1. As already mentioned, there are many, many more than 26 possibilites with a subsitution cipher. It is simply not practical for a computer to generate them all.
2. The ETAOIN and VKJXQZ method will not work with a substitution cipher. With a Caesar cipher, the message out of the twenty-six possible messages that had the most ETAOIN letters and the fewest VKJXQZ letters was the one most likely to be the correct English version. But, with a substitution cipher, this will not be enough to distinguish it from some of the other messages, and this is because some of the other messages will have the same ETAOIN/VKJXQZ score and yet will still be wrong. Let's say that the computer randomly generates one key from the vast numbers of keys that happens to be very close to the actual key - it has got twenty-four letters correct, but the 'T' and 'A' are the wrong way round. The ETAOIN total for this nearly correct version will be exactly the same as the ETAOIN total for the correct message / key (the VKJXQZ totals will be identical as well). In other words, the computer will be unable to choose between these two possible messages using the ETAOIN scoring system. In fact, the situation could be worse: twenty letters could be correct, but all the ETAOIN letters could have swapped with each other. This message will also get the same ETAOIN score as the actual message!

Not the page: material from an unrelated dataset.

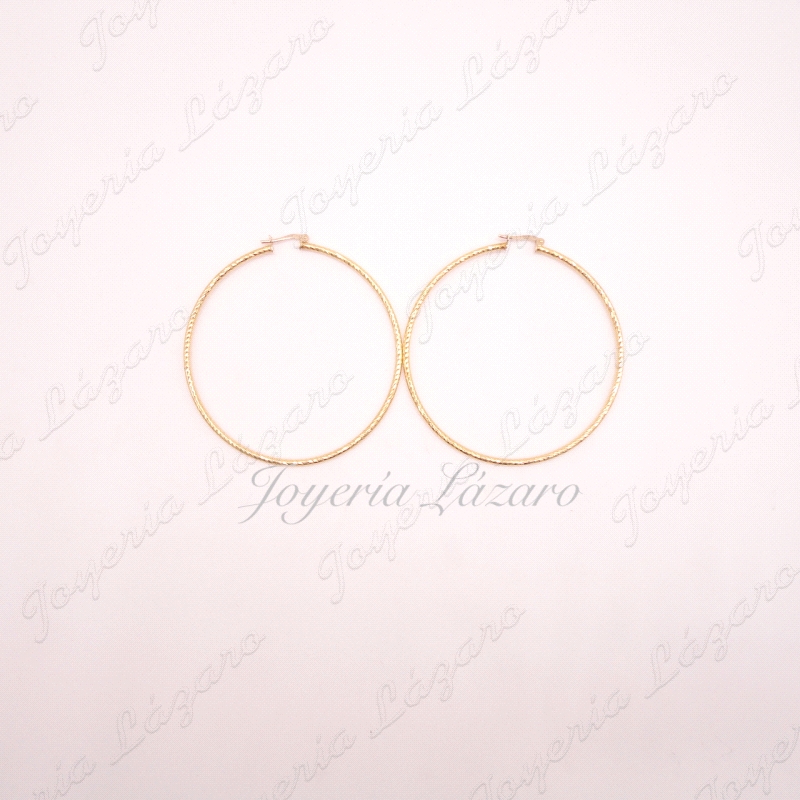 PEND. 18KTS AROS TUBO 2MM TALLADO BRILLO 50MM INT.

And this is what the paragraph from the last bullet-point above looks like if the ETAOIN letters have been swapped around (note how the fourth word of 'VKJXQZ' is unchanged):

AHT TAOINE OED VKJXQZ MTAHID WNLL EIA WIRK WNAH O SUBSANAUANIE CNPHTR. WNAH O COTSOR CNPHTR, AHT MTSSOGT IUA IF AHT AWTEAY-SNX PISSNBLT MTSSOGTS AHOA HOD AHT MISA TAOINE LTAATRS OED AHT FTWTSA VKJXQZ LTAATRS WOS MISA LNKTLY AI BT AHT CIRRTCA TEGLNSH VTRSNIE. BUA, WNAH O SUBSANAUANIE CNPHTR, AHT CIMPUATR MOY ROEDIMLY GTETROAT IET KTY FRIM AHT VOSA EUMBTRS IF KTYS AHOA HOPPTES AI BT VTRY CLIST AI AHT OCAUOL KTY - NA HOS GIA AWTEAY-FIUR LTAATRS CIRRTCA, BUA AHT 'A' OED 'O' ORT AHT WRIEG WOY RIUED. AHT TAOINE AIAOL FIR AHNS ETORLY CIRRTCA VTRSNIE WNLL BT TXOCALY AHT SOMT OS AHT TAOINE AIAOL FIR AHT CIRRTCA MTSSOGT / KTY (AHT VKJXQZ AIAOLS WNLL BT NDTEANCOL OS WTLL). NE IAHTR WIRDS, AHT CIMPUATR WNLL BT UEOBLT AI CHIIST BTAWTTE AHTST AWI PISSNBLT MTSSOGTS USNEG AHT TAOINE MTSSOGT. NE FOCA, AHT SNAUOANIE CIULD BT WIRST: AWTEAY LTAATRS CIULD BT CIRRTCA, BUA OLL AHT TAOINE LTAATRS CIULD HOVT SWOPPTD WNAH TOCH IAHTR. AHNS MTSSOGT WNLL OLSI GTA AHT SOMT TAOINE SCIRT OS AHT OCAUOL MTSSOGT!

As you can see, with only six letters out of place (albeit the six most important letters ...), the message appears to be near-gibberish - see how much of it you can still make sense of! We will need, therefore, to develop some alternative strategies for cracking a substitution cipher on a computer.

## 1. Coping with the problem of too many possibilities

Rather than randomly working through all the possible ways in which the 26 letters of the alphabet can be arranged, we will proceed as follows:

1. Give the computer an initial 'educated guess' as to what might be the answer. Call this the 'bestAnswer'.
2. Get the computer to make a small random adjustment to this 'bestAnswer', e.g. by randomly swapping two of the letters in the key / alphabet.
3. Compare the score for this new message with the original guess. Whichever is higher is the 'bestAnswer'. [We will deal with the problem of how to work out the score in section 2 below.]
4. Repeat steps 2 and 3 until the computer completes a run of (say) 1000 comparisons in which the 'bestAnswer' solution remains unchanged. At this point, it may have got very close to the actual answer, perhaps even the actual answer itself. If the message is sufficiently long (e.g. a few sentences) then there is a good chance that it will have got the actual solution, although occasionally it may get some of the least frequently occurring letters (e.g. 'J' and 'Z') the wrong way round, but these can be quickly corrected manually.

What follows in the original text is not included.